Famous and Barr was to occupy the basement through the seventh floor of the new building, with additional space on the eighth floor for elevator hoists and water tanks.

The remaining floors were configured for office use. Some were preleased to railroads and other large firms and built accordingly. Others were built with standard small professional offices, many with sinks to support medical and dental practices.

The Kingston Building

Concurrent with the construction of the Railway Exchange Building, the Kingston Investment Company, a separate firm controlled by David May, developed a building on Saint Charles Street containing loading docks at grade, a warehouse for Famous and Barr on upper levels, and a power plant below grade.

The Railway Exchange Building had no loading dock in its own footprint, which gave it the benefit of fronting all four surrounding streets.

The Kingston Building, as it was known, supplied steam and electricity at several voltages to the Railway Exchange Building.

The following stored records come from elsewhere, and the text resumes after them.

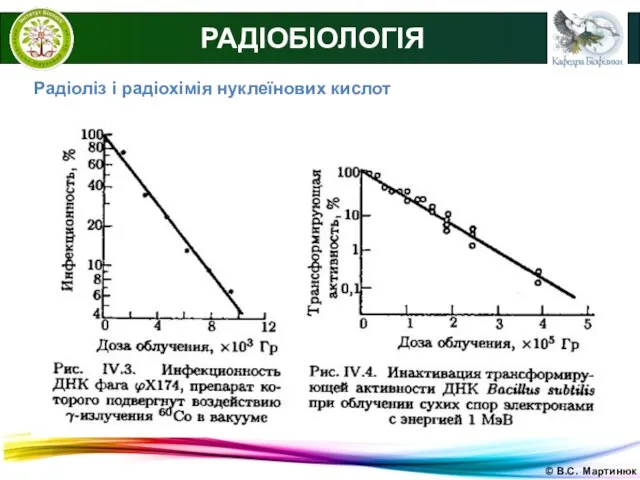 © В.С. Мартинюк РАДІОБІОЛОГІЯ Радіоліз і радіохімія нуклеїнових кислот
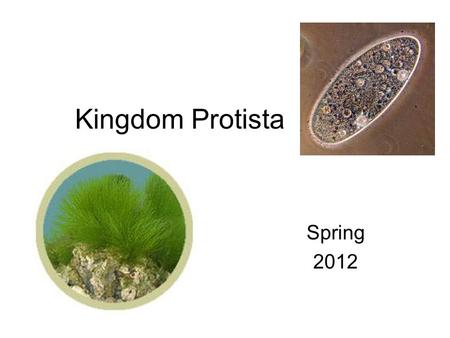Kingdom Protista Spring 2012.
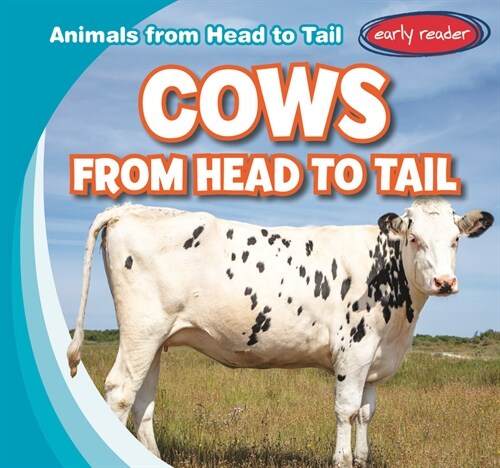 Cows from Head to Tail (Paperback)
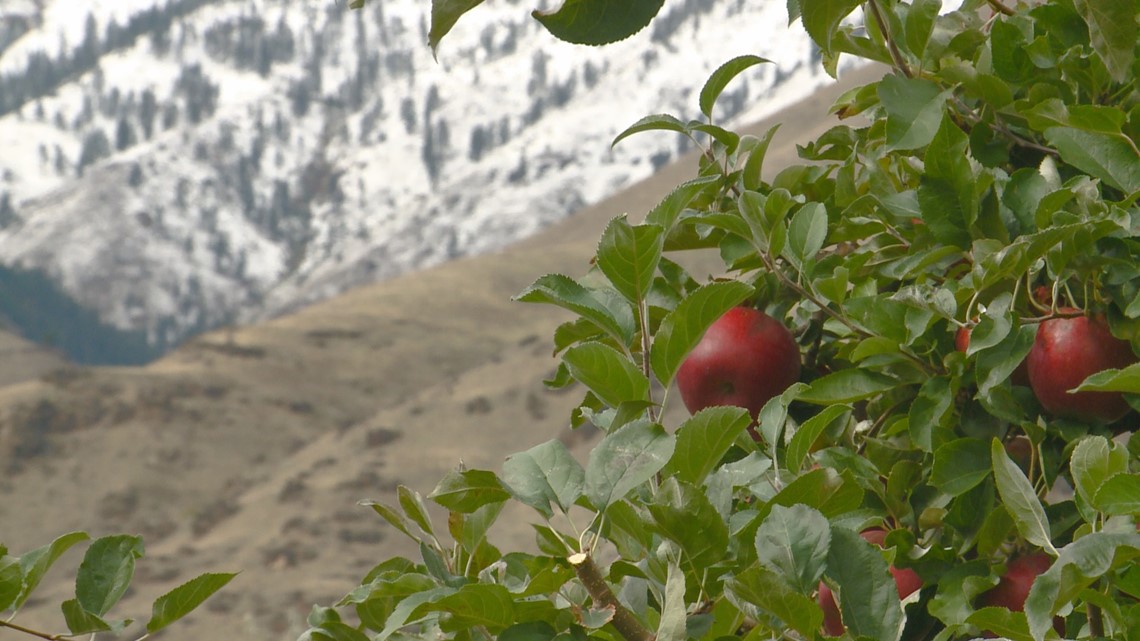 Washington Apple Growers Sink Their Teeth Into The New Cosmic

The plant idled from May 1st to October 1st each year and passed through power from the Laclede Gas substation in the Dominion Building just to the west. The turbines output 250 volts, with transformers to step down the Laclede Gas voltage from 4,160 volts and rotary converters to generate direct current for elevators at 250 volts and for other devices at 125 volts.

Will Levy was the architect for the Kingston Building. Black Masonry and Construction Company served as the general contractor, with the Foundation Company performing the foundation work as at the Railway Exchange Building.

Opening

The new Famous and Barr store in the building opened on Monday, September 8th, 1913 to great fanfare. The office portion of the building proved to be less successful, and McKittrick lost control of the building. May began purchasing the land under the building.

Conveniences

Separate entrances and banks of elevators served the store and the office building above. Elevators used direct current and were controlled manually with rheostats. The store and the Building had central vacuum cleaner systems. The Building’s system was reportedly never used.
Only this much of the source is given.